To:John Barendrecht who wrote (171)
From: John Barendrecht Tuesday, Jul 1, 1997 8:12 PM
Respond to of 79916
NY precious metals end mixed, gold weak, PGMs firm
NEW YORK, July 1 (Reuter) - COMEX and NYMEX precious metals futures ended mixed Tuesday, with gold testing news four-year lows, but platinum group metals (PGMs) ended little changed after seeing higher levels intraday.
``The outlook for both gold and silver still looks bearish, though we saw a little consolidation today,'' FIMAT New York trader, John Tyree, said.
COMEX August gold ended down 20 cents at $335.10 an ounce, though managed to hold above the life-of-contract low at $334.60 seen Monday.
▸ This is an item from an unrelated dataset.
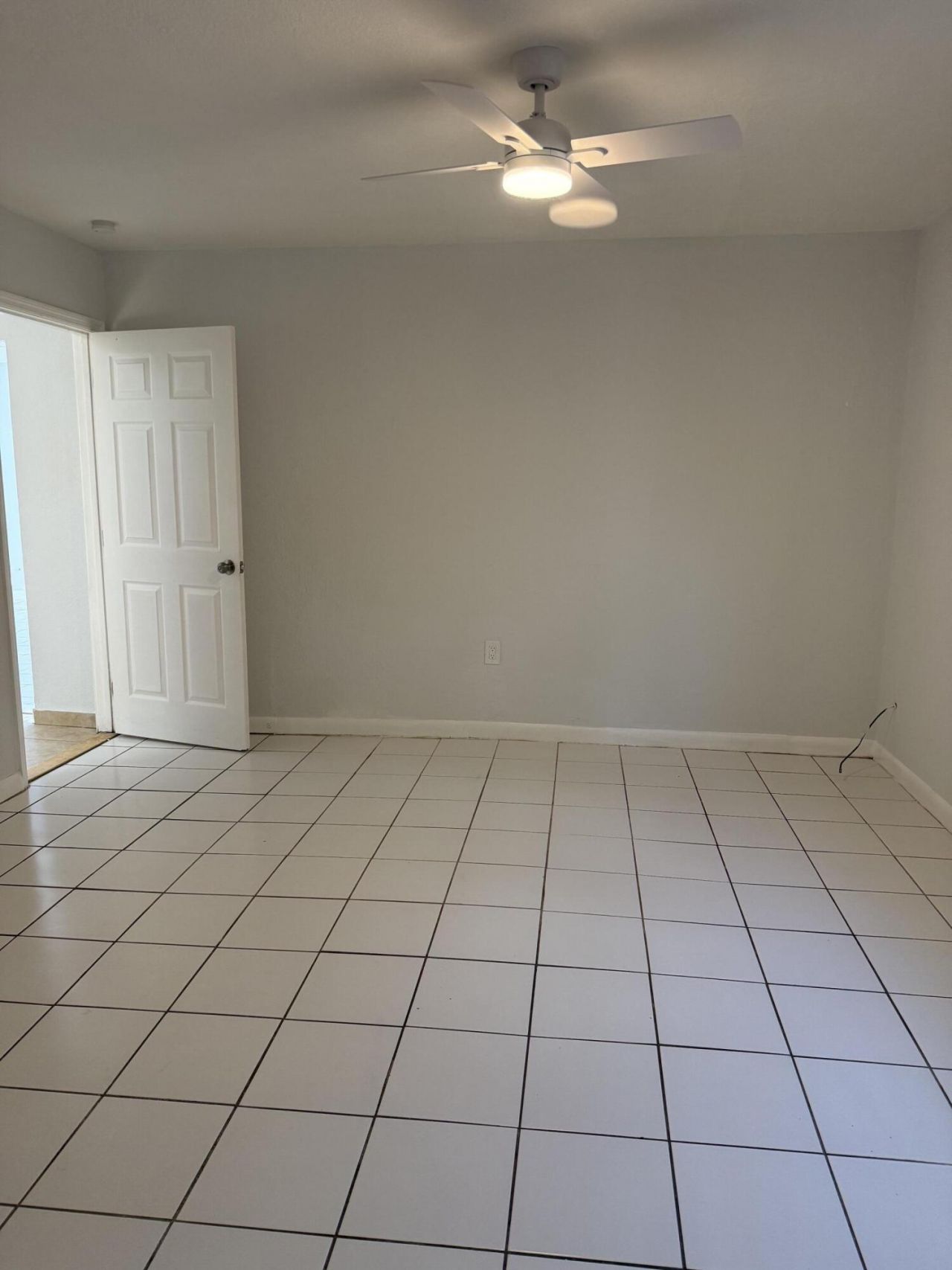 3830 Davis Road, Palm Springs, FL 33461 Photo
Estimated total COMEX gold volume was a moderately heavy 42,000 lots.
COMEX gold open interest fell 5,128 lots Monday to 194,341 contracts, after jumping 10,651 lots to 199,469 contracts Friday, the highest level since February.
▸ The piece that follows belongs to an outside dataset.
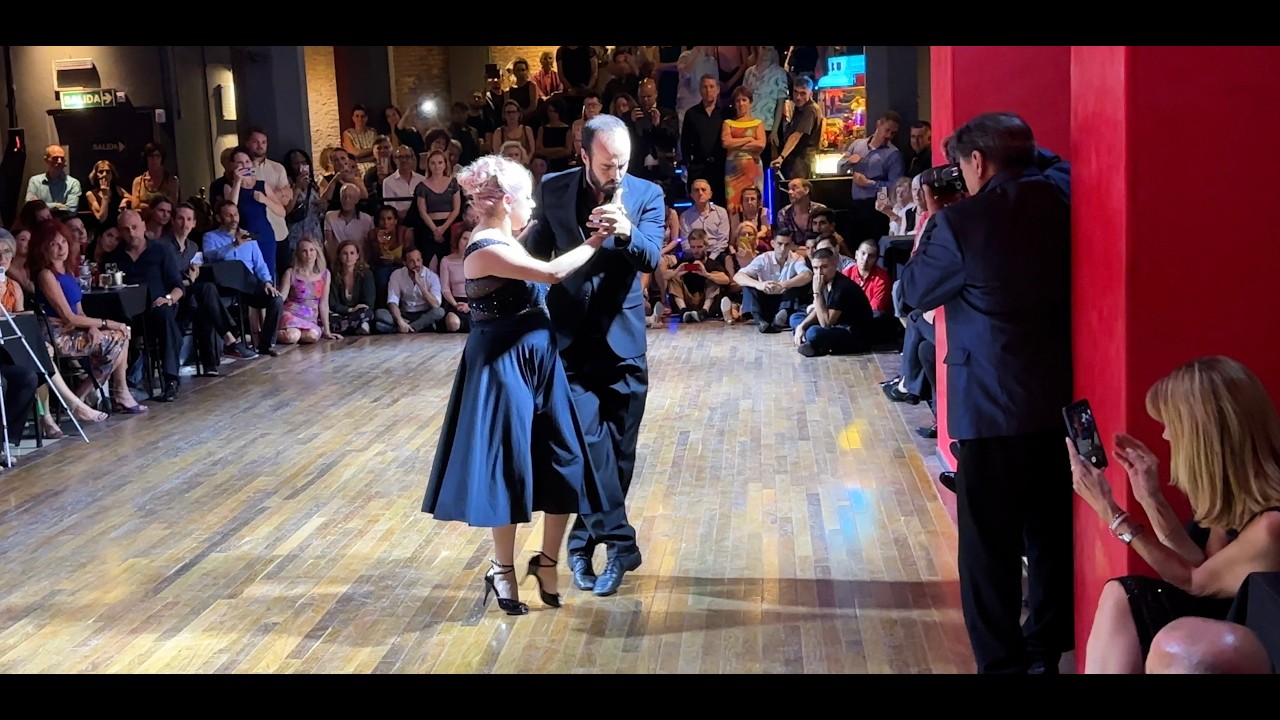Pablo Rodriguez & Carolina Couto – Marabu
Gold prices have tended to bottom out or top out in the past when open interest has exceeded 200,000 contracts, analysts noted.
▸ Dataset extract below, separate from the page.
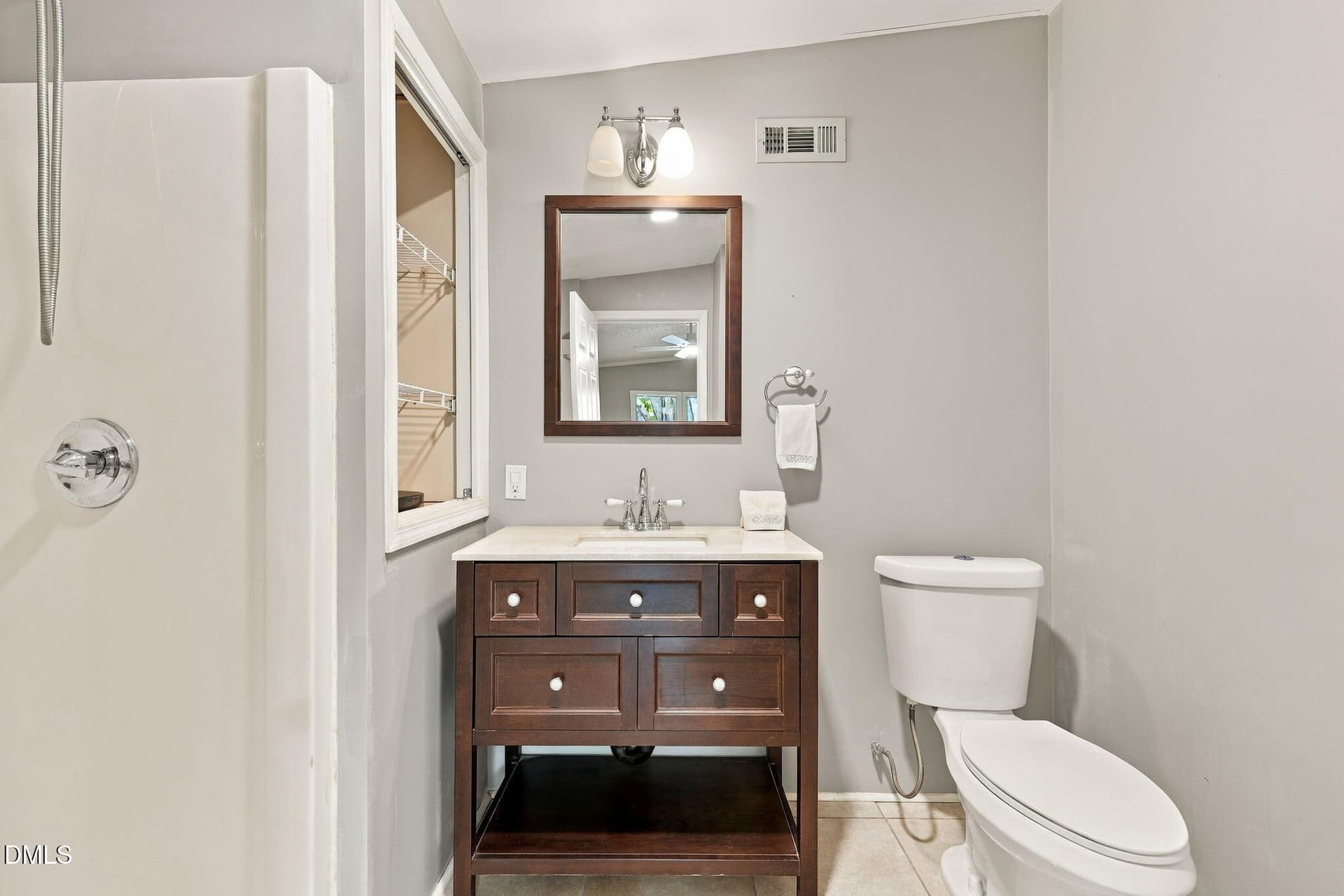 Owners' Bath - 168 Ridgewood Road, Youngsville, NC 27596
The latest slide has again been led by commodity fund selling, while investors have been driven away from precious metals investments by a strong U.S. stockmarket, a strong U.S. dollar and U.S. CPI inflation falling to a 10 year low.
In U.S. economic news Tuesday, the June National Association of Purchasing Managers (NAPM) index was reported at 55.7, lower than the 56.4 percent expected, suggesting the economic growth may not be high enough to prompt an interest rate rise by the U.S. Federal Reserve at its two-day FOMC meeting Tuesday and Wednesday this week.
However, heavy Australian producer hedging has also been noted recently and both short term and longer term implied lease rates for gold have risen this week, suggesting both hedge fund and producer selling in the physical market, analysts said.
One month implied lease rates for gold rose to 1.42 percent Tuesday, up from below 1.00 percent a week ago, while the one year rate was around 1.81 percent, up from around 1.53 percent a week ago.
In the bullion market, spot gold ended quoted $333.70/20 an ounce, compared to the London Tuesday afternoon fix at $333.70. At the London Tuesday morning fix gold saw a fresh four year low at $336.0 an ounce, compared to the New York close Monday at $333.70/20.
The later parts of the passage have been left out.